Repeated offense will result in the suspension of your user account
Your home directory which is associated with your username - <uname> - is hosted on the nfs-irhpc NFS server
The disk space on the NFS server is a shared resource. It is not intended for the storage of large data. It is advisable to delete or periodically transfer files or data not being used for jobs from your home directory to another drive outside of the NFS server for storage, such as your personal computer. See here for more details and instructions.
IF you require disk space to store large amounts of data (more than 1 Tb) for later jobs, or if your jobs generate a large amount of data that require further processing please contact support. Other solutions can be provided.
Each compute node has a dedicated /scratch/ disk (see here for hardware specs). It is a local disk which is intended for the temporary storage of data to be processed, and writing of output. This disk facilitates fast I/O (input/output) when running jobs. Users have read/write privilages here
See here for instructions on how to make use of the /scratch/ disks.
IMPORTANT: It is important to make efficient use of Elja and to not slow down the network traffic on the cluster.
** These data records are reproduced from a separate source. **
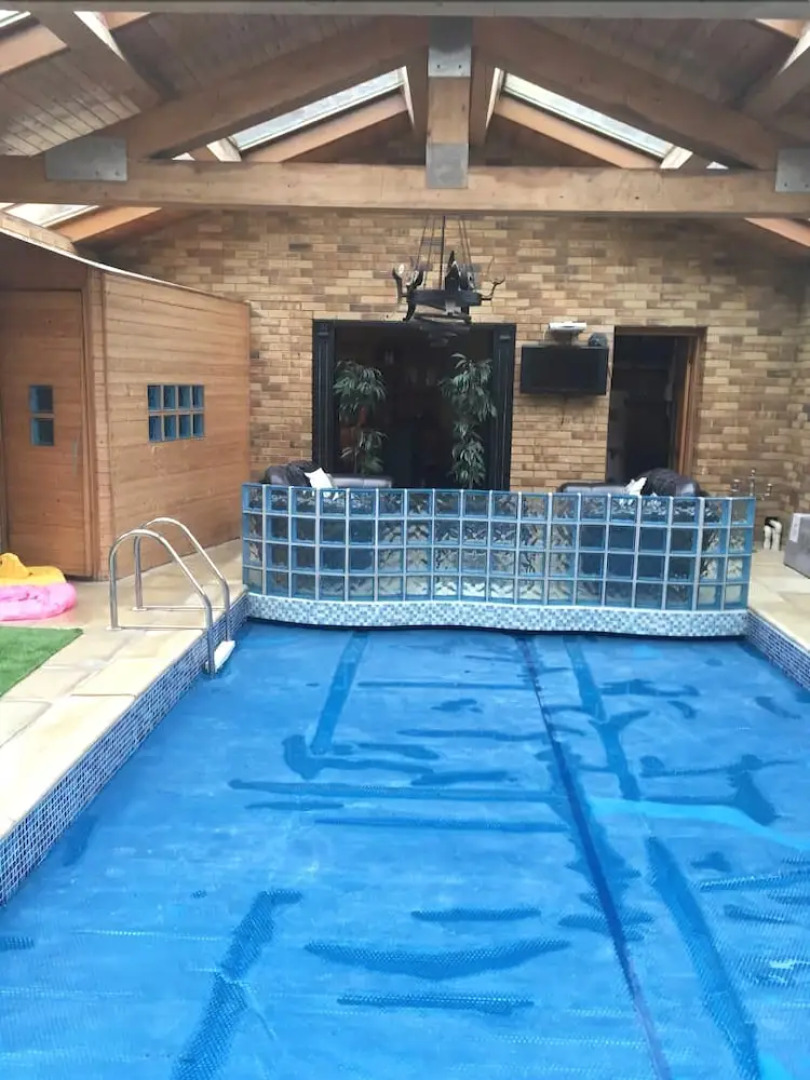 4 Bed House with Swimming pool and Sauna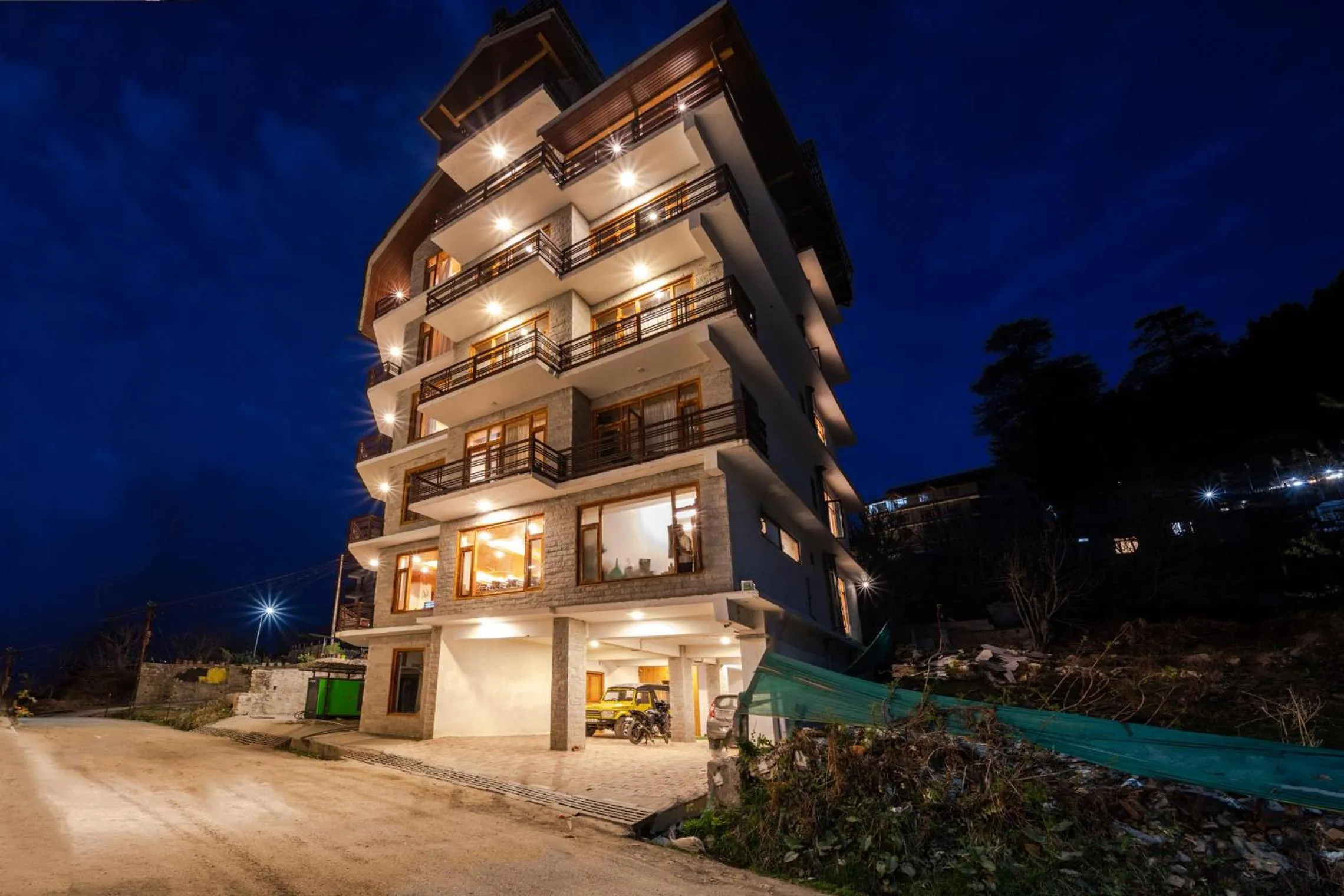 Property building in Hotel SNAS Retreat Manali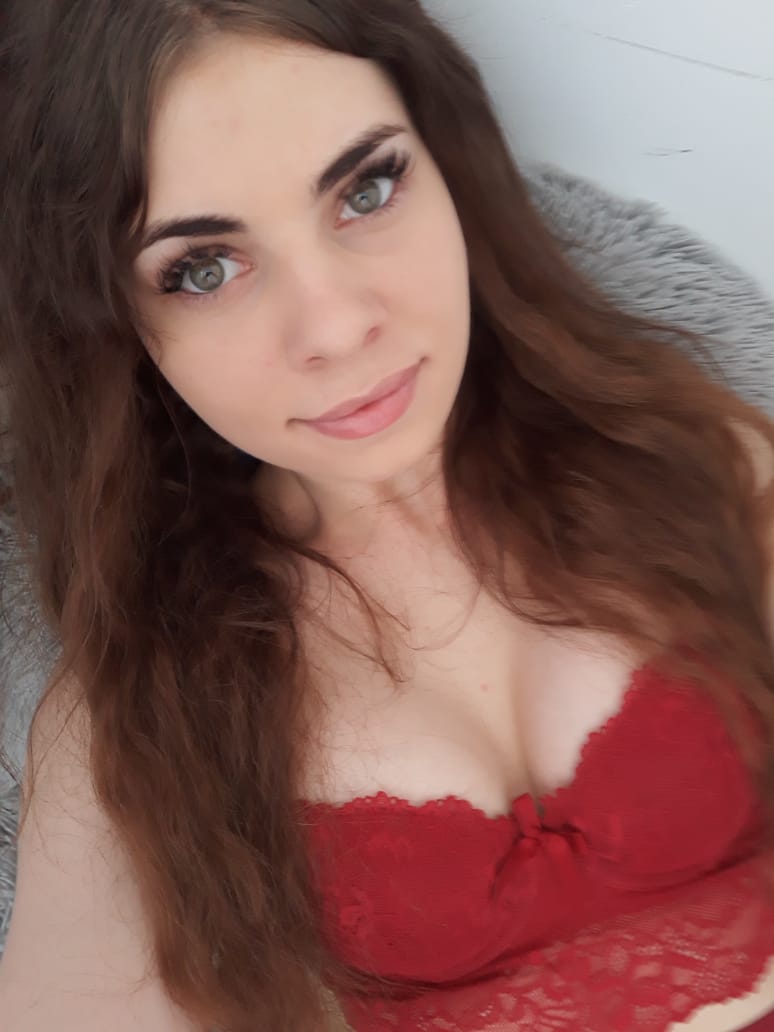 _MargoHot's tweet photo. Selfie from __MARGO__. The BongaCams site model. https://t.co/dVK5TlkqhU #BongaCams #__MARGO__ #webmodel #teen #selfie https://t.co/xFh2q2ZQqv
Hence, it is advisable to copy the data and input for your job over to the local scratch on the node (/scratch/users/<uname>) and launch the program from the scratch directory. If this step is omitted then the program will run remotely on the compute node but will constanly read/write from the directory on the NFS server. This creates a lot of network traffic that slows down the use of Elja for everybody. It will also slow down the job itself.
It is important to make sure you clean up after your job on the /scratch/ disk. IF your job crashes and leaves behind data which you think can be salvaged contact support as soon as possible. System administrators will delete data on the /scratch/ disks not associated with a running job, without notice.